Could you restate the entries below word for word?

Segment Start: Dataset extract

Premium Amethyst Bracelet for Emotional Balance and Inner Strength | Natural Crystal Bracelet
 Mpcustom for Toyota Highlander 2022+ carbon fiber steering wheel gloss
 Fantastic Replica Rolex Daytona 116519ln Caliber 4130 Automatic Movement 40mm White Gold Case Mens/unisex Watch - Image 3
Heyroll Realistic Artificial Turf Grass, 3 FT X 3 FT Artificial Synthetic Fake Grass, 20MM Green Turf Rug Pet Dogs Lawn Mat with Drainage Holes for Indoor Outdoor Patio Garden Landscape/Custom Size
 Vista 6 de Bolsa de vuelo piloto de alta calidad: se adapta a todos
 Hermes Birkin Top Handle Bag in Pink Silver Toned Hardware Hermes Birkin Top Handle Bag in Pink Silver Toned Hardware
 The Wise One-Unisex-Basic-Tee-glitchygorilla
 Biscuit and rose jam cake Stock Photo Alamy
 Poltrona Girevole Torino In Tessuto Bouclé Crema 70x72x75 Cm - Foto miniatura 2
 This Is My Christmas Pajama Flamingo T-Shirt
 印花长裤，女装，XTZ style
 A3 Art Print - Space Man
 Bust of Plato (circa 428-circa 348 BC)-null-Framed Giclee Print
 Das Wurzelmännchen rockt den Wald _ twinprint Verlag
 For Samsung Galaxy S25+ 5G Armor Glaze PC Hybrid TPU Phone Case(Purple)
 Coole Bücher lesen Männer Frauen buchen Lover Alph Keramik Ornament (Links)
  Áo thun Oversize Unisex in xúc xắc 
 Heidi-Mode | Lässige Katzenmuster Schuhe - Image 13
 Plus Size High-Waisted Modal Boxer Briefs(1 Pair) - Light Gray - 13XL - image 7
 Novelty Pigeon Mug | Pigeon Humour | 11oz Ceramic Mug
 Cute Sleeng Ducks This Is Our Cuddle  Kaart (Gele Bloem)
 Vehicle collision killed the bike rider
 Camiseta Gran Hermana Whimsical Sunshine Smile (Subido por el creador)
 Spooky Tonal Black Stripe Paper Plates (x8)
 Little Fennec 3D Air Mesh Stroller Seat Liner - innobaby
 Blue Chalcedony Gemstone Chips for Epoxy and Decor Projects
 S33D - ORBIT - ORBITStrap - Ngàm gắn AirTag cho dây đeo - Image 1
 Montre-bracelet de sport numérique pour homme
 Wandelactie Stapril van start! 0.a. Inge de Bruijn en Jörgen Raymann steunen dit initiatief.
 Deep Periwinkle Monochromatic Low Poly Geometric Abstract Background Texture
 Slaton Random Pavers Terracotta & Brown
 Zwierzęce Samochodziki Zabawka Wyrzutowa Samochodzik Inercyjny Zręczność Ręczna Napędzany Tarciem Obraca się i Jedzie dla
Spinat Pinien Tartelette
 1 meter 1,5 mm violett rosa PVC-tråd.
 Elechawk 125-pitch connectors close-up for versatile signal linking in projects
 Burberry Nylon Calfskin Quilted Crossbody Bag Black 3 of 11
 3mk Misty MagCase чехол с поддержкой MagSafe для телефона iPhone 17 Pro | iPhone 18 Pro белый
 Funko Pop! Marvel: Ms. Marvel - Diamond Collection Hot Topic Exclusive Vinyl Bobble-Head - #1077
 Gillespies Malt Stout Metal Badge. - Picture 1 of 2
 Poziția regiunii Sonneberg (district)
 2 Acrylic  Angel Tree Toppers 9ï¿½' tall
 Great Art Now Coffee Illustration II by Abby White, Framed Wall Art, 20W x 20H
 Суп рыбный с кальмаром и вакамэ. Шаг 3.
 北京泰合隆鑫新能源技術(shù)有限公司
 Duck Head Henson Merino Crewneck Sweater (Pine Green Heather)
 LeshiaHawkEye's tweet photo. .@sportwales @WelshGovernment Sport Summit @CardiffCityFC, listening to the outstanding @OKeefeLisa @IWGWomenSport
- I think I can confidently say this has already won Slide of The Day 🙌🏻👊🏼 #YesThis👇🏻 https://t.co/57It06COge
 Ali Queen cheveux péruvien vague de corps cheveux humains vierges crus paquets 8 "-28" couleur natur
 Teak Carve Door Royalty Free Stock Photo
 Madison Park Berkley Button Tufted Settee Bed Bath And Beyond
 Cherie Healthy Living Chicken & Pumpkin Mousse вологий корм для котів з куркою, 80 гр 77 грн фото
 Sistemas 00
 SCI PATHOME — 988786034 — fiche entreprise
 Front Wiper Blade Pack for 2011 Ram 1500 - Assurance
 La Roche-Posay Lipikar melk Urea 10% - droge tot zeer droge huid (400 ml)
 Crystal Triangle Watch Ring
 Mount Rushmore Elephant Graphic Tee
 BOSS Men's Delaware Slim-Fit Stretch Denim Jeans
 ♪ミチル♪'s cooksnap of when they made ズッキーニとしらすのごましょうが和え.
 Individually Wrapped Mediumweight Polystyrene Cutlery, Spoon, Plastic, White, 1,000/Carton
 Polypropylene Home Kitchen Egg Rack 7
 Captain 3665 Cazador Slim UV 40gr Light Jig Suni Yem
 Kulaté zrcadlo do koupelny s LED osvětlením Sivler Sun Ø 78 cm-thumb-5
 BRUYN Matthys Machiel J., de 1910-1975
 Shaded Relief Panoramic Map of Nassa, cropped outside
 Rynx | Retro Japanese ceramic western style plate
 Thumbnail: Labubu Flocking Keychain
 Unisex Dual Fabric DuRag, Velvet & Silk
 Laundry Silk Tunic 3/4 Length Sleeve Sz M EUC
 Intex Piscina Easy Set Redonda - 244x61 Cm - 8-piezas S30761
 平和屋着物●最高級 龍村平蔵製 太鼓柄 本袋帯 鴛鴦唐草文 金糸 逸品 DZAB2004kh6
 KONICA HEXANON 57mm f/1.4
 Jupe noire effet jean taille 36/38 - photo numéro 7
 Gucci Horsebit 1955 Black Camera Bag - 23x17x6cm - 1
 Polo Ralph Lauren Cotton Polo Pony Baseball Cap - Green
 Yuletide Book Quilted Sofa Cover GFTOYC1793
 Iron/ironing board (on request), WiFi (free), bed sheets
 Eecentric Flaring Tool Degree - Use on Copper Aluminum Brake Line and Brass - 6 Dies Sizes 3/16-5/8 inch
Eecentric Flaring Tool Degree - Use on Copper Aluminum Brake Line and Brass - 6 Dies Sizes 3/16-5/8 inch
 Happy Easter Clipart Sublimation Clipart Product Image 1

Segment End: Dataset extract

**Exercise output:**
Premium Amethyst Bracelet for Emotional Balance and Inner Strength | Natural Crystal Bracelet
 Mpcustom for Toyota Highlander 2022+ carbon fiber steering wheel gloss
 Fantastic Replica Rolex Daytona 116519ln Caliber 4130 Automatic Movement 40mm White Gold Case Mens/unisex Watch - Image 3
Heyroll Realistic Artificial Turf Grass, 3 FT X 3 FT Artificial Synthetic Fake Grass, 20MM Green Turf Rug Pet Dogs Lawn Mat with Drainage Holes for Indoor Outdoor Patio Garden Landscape/Custom Size
 Vista 6 de Bolsa de vuelo piloto de alta calidad: se adapta a todos
 Hermes Birkin Top Handle Bag in Pink Silver Toned Hardware Hermes Birkin Top Handle Bag in Pink Silver Toned Hardware
 The Wise One-Unisex-Basic-Tee-glitchygorilla
 Biscuit and rose jam cake Stock Photo Alamy
 Poltrona Girevole Torino In Tessuto Bouclé Crema 70x72x75 Cm - Foto miniatura 2
 This Is My Christmas Pajama Flamingo T-Shirt
 印花长裤，女装，XTZ style
 A3 Art Print - Space Man
 Bust of Plato (circa 428-circa 348 BC)-null-Framed Giclee Print
 Das Wurzelmännchen rockt den Wald _ twinprint Verlag
 For Samsung Galaxy S25+ 5G Armor Glaze PC Hybrid TPU Phone Case(Purple)
 Coole Bücher lesen Männer Frauen buchen Lover Alph Keramik Ornament (Links)
  Áo thun Oversize Unisex in xúc xắc 
 Heidi-Mode | Lässige Katzenmuster Schuhe - Image 13
 Plus Size High-Waisted Modal Boxer Briefs(1 Pair) - Light Gray - 13XL - image 7
 Novelty Pigeon Mug | Pigeon Humour | 11oz Ceramic Mug
 Cute Sleeng Ducks This Is Our Cuddle  Kaart (Gele Bloem)
 Vehicle collision killed the bike rider
 Camiseta Gran Hermana Whimsical Sunshine Smile (Subido por el creador)
 Spooky Tonal Black Stripe Paper Plates (x8)
 Little Fennec 3D Air Mesh Stroller Seat Liner - innobaby
 Blue Chalcedony Gemstone Chips for Epoxy and Decor Projects
 S33D - ORBIT - ORBITStrap - Ngàm gắn AirTag cho dây đeo - Image 1
 Montre-bracelet de sport numérique pour homme
 Wandelactie Stapril van start! 0.a. Inge de Bruijn en Jörgen Raymann steunen dit initiatief.
 Deep Periwinkle Monochromatic Low Poly Geometric Abstract Background Texture
 Slaton Random Pavers Terracotta & Brown
 Zwierzęce Samochodziki Zabawka Wyrzutowa Samochodzik Inercyjny Zręczność Ręczna Napędzany Tarciem Obraca się i Jedzie dla
Spinat Pinien Tartelette
 1 meter 1,5 mm violett rosa PVC-tråd.
 Elechawk 125-pitch connectors close-up for versatile signal linking in projects
 Burberry Nylon Calfskin Quilted Crossbody Bag Black 3 of 11
 3mk Misty MagCase чехол с поддержкой MagSafe для телефона iPhone 17 Pro | iPhone 18 Pro белый
 Funko Pop! Marvel: Ms. Marvel - Diamond Collection Hot Topic Exclusive Vinyl Bobble-Head - #1077
 Gillespies Malt Stout Metal Badge. - Picture 1 of 2
 Poziția regiunii Sonneberg (district)
 2 Acrylic  Angel Tree Toppers 9ï¿½' tall
 Great Art Now Coffee Illustration II by Abby White, Framed Wall Art, 20W x 20H
 Суп рыбный с кальмаром и вакамэ. Шаг 3.
 北京泰合隆鑫新能源技術(shù)有限公司
 Duck Head Henson Merino Crewneck Sweater (Pine Green Heather)
 LeshiaHawkEye's tweet photo. .@sportwales @WelshGovernment Sport Summit @CardiffCityFC, listening to the outstanding @OKeefeLisa @IWGWomenSport
- I think I can confidently say this has already won Slide of The Day 🙌🏻👊🏼 #YesThis👇🏻 https://t.co/57It06COge
 Ali Queen cheveux péruvien vague de corps cheveux humains vierges crus paquets 8 "-28" couleur natur
 Teak Carve Door Royalty Free Stock Photo
 Madison Park Berkley Button Tufted Settee Bed Bath And Beyond
 Cherie Healthy Living Chicken & Pumpkin Mousse вологий корм для котів з куркою, 80 гр 77 грн фото
 Sistemas 00
 SCI PATHOME — 988786034 — fiche entreprise
 Front Wiper Blade Pack for 2011 Ram 1500 - Assurance
 La Roche-Posay Lipikar melk Urea 10% - droge tot zeer droge huid (400 ml)
 Crystal Triangle Watch Ring
 Mount Rushmore Elephant Graphic Tee
 BOSS Men's Delaware Slim-Fit Stretch Denim Jeans
 ♪ミチル♪'s cooksnap of when they made ズッキーニとしらすのごましょうが和え.
 Individually Wrapped Mediumweight Polystyrene Cutlery, Spoon, Plastic, White, 1,000/Carton
 Polypropylene Home Kitchen Egg Rack 7
 Captain 3665 Cazador Slim UV 40gr Light Jig Suni Yem
 Kulaté zrcadlo do koupelny s LED osvětlením Sivler Sun Ø 78 cm-thumb-5
 BRUYN Matthys Machiel J., de 1910-1975
 Shaded Relief Panoramic Map of Nassa, cropped outside
 Rynx | Retro Japanese ceramic western style plate
 Thumbnail: Labubu Flocking Keychain
 Unisex Dual Fabric DuRag, Velvet & Silk
 Laundry Silk Tunic 3/4 Length Sleeve Sz M EUC
 Intex Piscina Easy Set Redonda - 244x61 Cm - 8-piezas S30761
 平和屋着物●最高級 龍村平蔵製 太鼓柄 本袋帯 鴛鴦唐草文 金糸 逸品 DZAB2004kh6
 KONICA HEXANON 57mm f/1.4
 Jupe noire effet jean taille 36/38 - photo numéro 7
 Gucci Horsebit 1955 Black Camera Bag - 23x17x6cm - 1
 Polo Ralph Lauren Cotton Polo Pony Baseball Cap - Green
 Yuletide Book Quilted Sofa Cover GFTOYC1793
 Iron/ironing board (on request), WiFi (free), bed sheets
 Eecentric Flaring Tool Degree - Use on Copper Aluminum Brake Line and Brass - 6 Dies Sizes 3/16-5/8 inch
Eecentric Flaring Tool Degree - Use on Copper Aluminum Brake Line and Brass - 6 Dies Sizes 3/16-5/8 inch
 Happy Easter Clipart Sublimation Clipart Product Image 1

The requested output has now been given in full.